COS 122-4
Forest wildfire effects on coarse woody detritus in the US Pacific coast states

Friday, August 9, 2013: 9:00 AM
L100C, Minneapolis Convention Center
Bianca N.I. Eskelson, Forest Engineering, Resources and Management, Oregon State University, Corvallis, OR
Vicente J. Monleon, PNW Research Station, USDA Forest Service, Corvallis, OR
David L. Azuma, USDA Forest Service Pacific Northwest Research Station, Portland, OR

A thorough understanding of forest wildfire effects at landscape-level scale is necessary to understand the impact of wildfire on carbon budgets and ecosystem recovery. While there is general agreement that forest wildfires decrease live tree biomass and increase snag biomass, the impact of forest wildfire on coarse woody detritus (CWD) has been controversial since it is often assumed to be negligible. We estimate the impact of forest wildfire on CWD using spatially balanced probability samples of all lands in the US Pacific states and of federal lands only collected by the Forest Inventory and Analysis (FIA) program and the Current Vegetation Survey (CVS), respectively. FIA plots that were burned within five years prior to plot measurement were spatially matched with unburned plots resulting in 441 blocks of burned and unburned plots. Differences in CWD biomass between burned and unburned plots were analyzed with mixed effects models where wildfire disturbance, ownership group, elevation, and climate variables were treated as fixed effects and a block as random effect. The CVS data provided repeated measurements of 8312 plots of which 165 plots had burned between measurements. Models were fit for the change in CWD biomass. Combustion factors were determined as ratios of means.

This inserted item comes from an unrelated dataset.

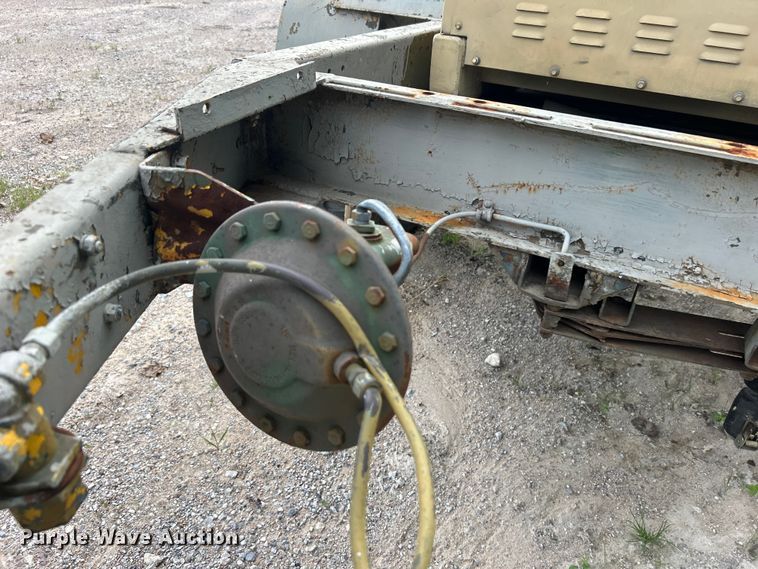 image for item NB9421 2007 Otan MEP-803A generator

Based on the FIA data analysis, CWD biomass was significantly lower on burned than unburned plots (p < 0.0001). No significant difference in CWD biomass was detected between burn severity classes (p > 0.80). CWD biomass in decay classes 2 and 3 was significantly lower on burned than unburned plots (p < 0.0001), while there was no significant difference in CWD biomass in decay class 1 (p = 0.33). Based on the CVS data analysis, CWD biomass increased on average by 2.1 Mg/ha (1.5, 2.7) on unburned plots, while it decreased on average by 11.7 Mg/ha (7.2, 16.0). CWD biomass in decay classes 2 and 3 decreased significantly on burned plots, while there was a significant increase in CWD biomass in decay class 1. Biomass combustion factors for low, moderate, and high severity fires were 0.23, 0.28, and 0.31 based on the FIA data and 0.30, 0.32, and 0.47 based on the CVS data analysis, which exceed previously reported values. The results suggest that losses in biomass and carbon due to CWD consumption during wildfire should not be ignored in carbon accounting.